After a pause of three decades, national Food Day is back. An amazing amount of energy and creativity is being mobilized around this celebration, and the diversity of events is just amazing: community potlucks, special school menus, virtual dinner parties…the list goes on and on. There’s a lot to celebrate, not least the inventiveness and diversity of the food movement, which brings together farmers, nutritionists and health professionals, chefs, mommy bloggers, foodies, researchers, policy wonks, and a rapidly growing number of ‘real food’ businesses.

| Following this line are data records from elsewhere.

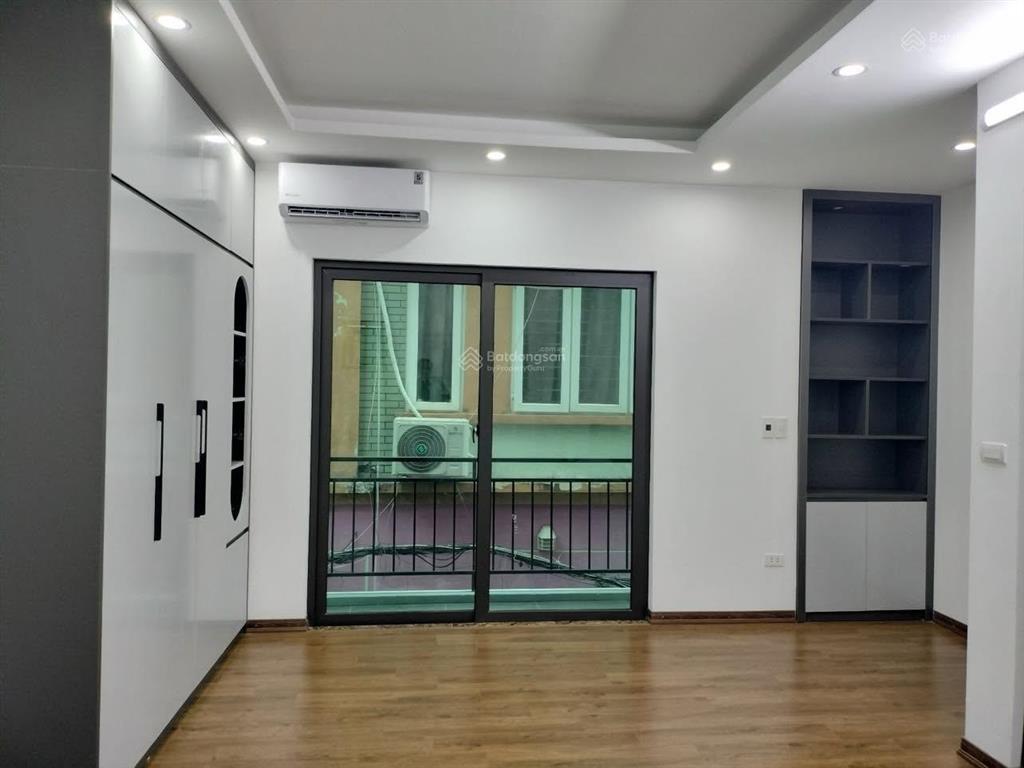 Gấp bán nhà phố kim ngưu  hai bà trưng, 41m2 x 5 tầng thang máy, mặt tiền siêu rộng, 11.9 tỷ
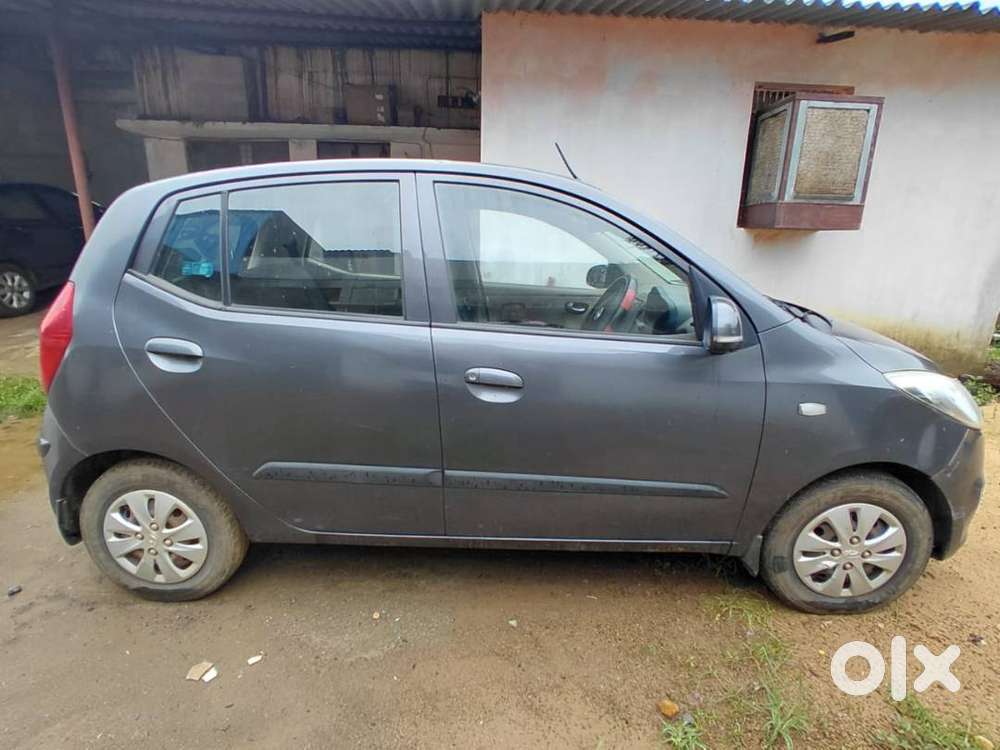 Hyundai I 10 , Petrol , Manual , 2012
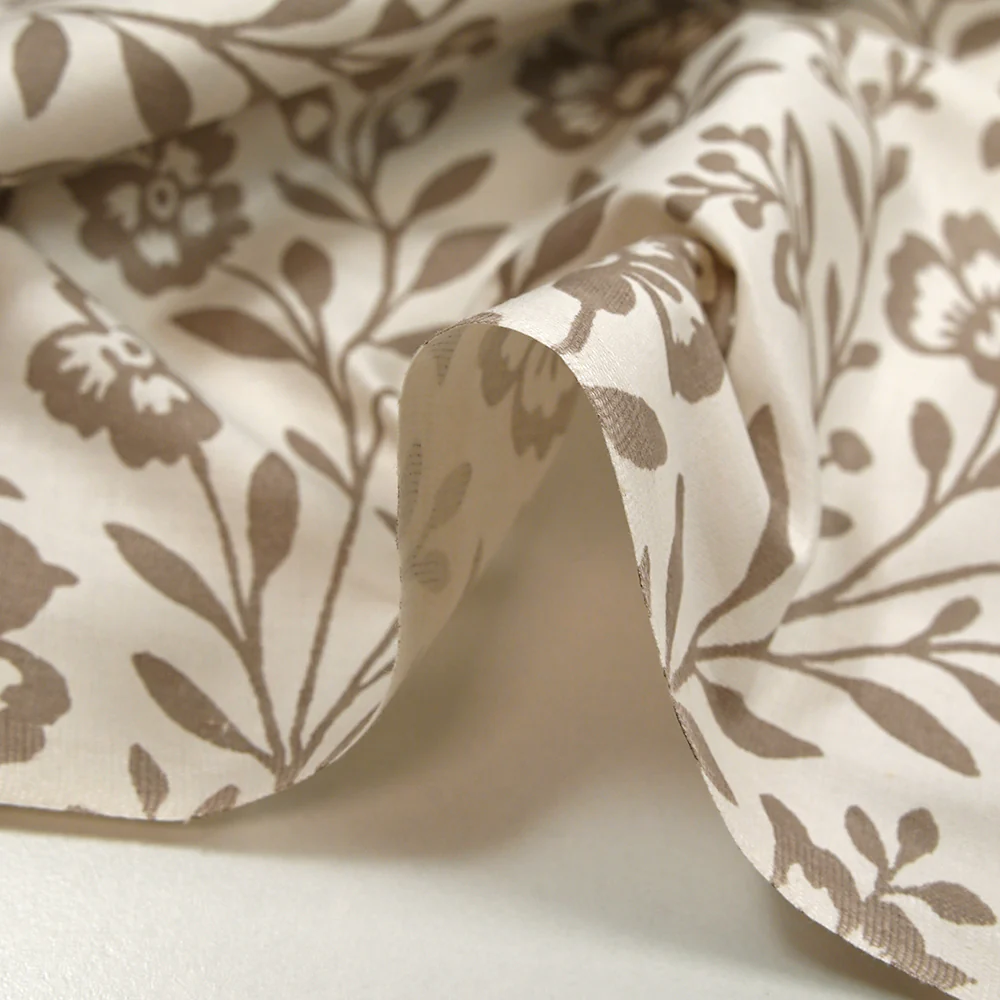 Popeline de coton imprimée empreinte fleurie taupe fond blanc cassé - Image 6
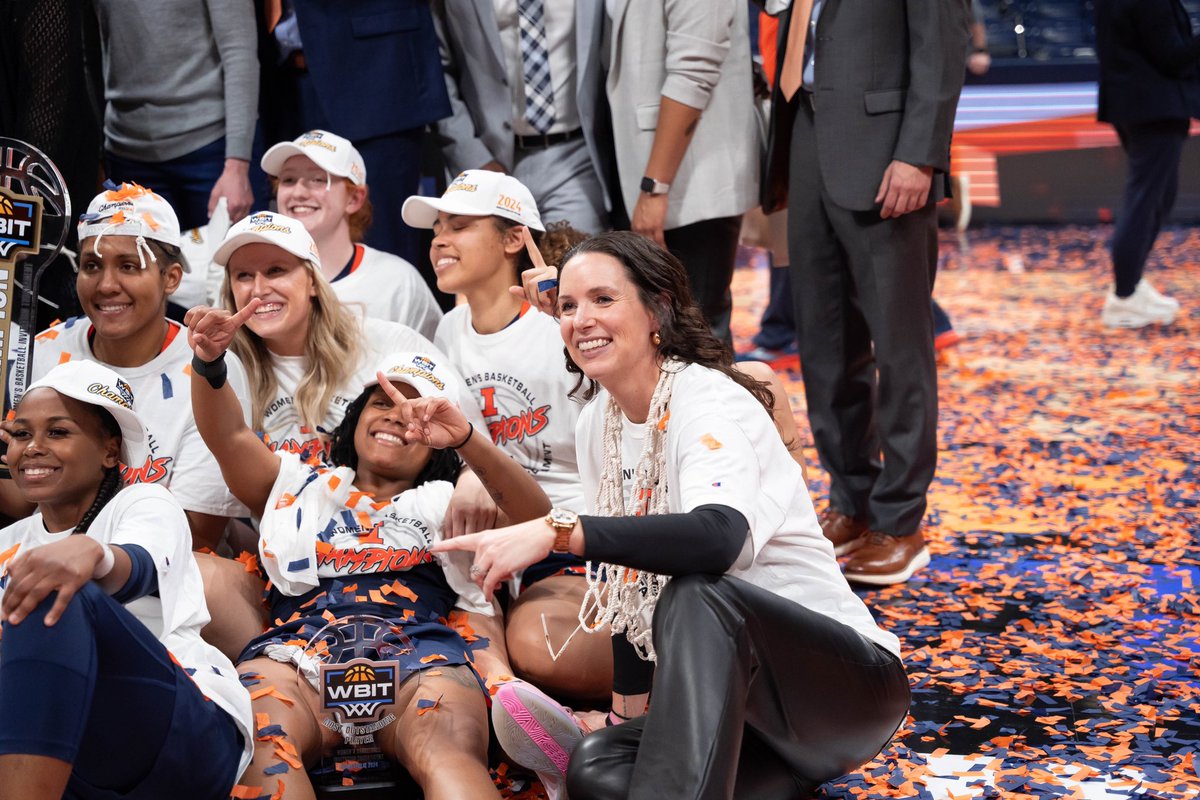 Illinois Women's Basketball tweet media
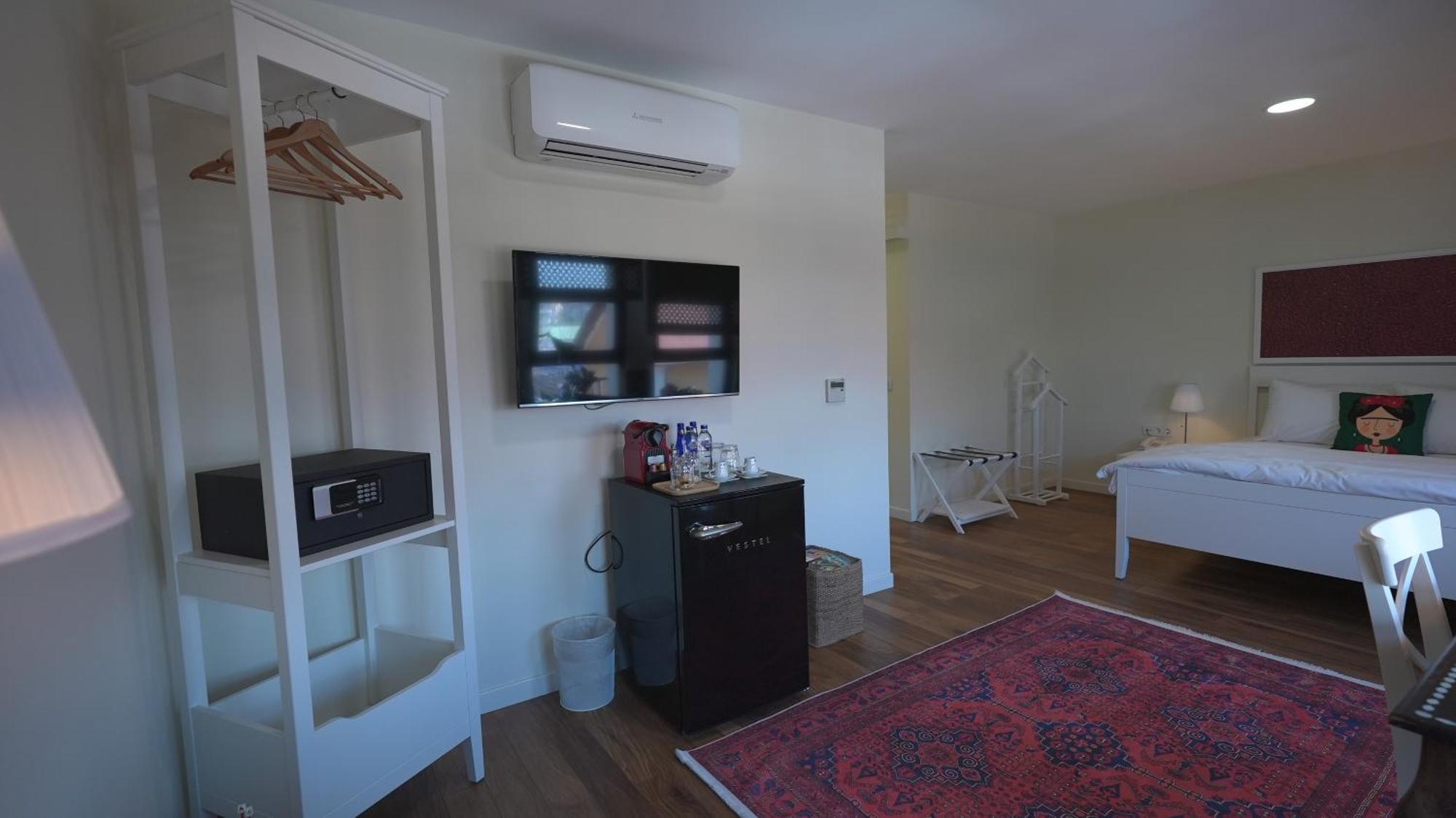 Pertevniyal Aziziye Hotel Конья Экстерьер фото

But after the feel-good feeling wears off, what will have changed? A little more awareness-raising, to be sure. But the danger with these events is (sometimes) that they are preaching to the converted, and to people who have the resources to participate. So I applaud those who are using Food Day to demand reforms to our food and educational systems. The Centre for Science in the Public Interest is a great example (check out their class action law suit against fake fruit snacks ). The school lunch reform campaigns run by chefs like Jamie Oliver and Ann Cooper (the ‘Renegade Lunch Lady’) are other great examples.
This doesn’t mean that we shouldn’t go out and celebrate: I certainly plan to do so. But we also shouldn’t forget our goal: not just to enjoy food with friends and family, but also to work towards living in a place where every day is Real Food Day, for everyone.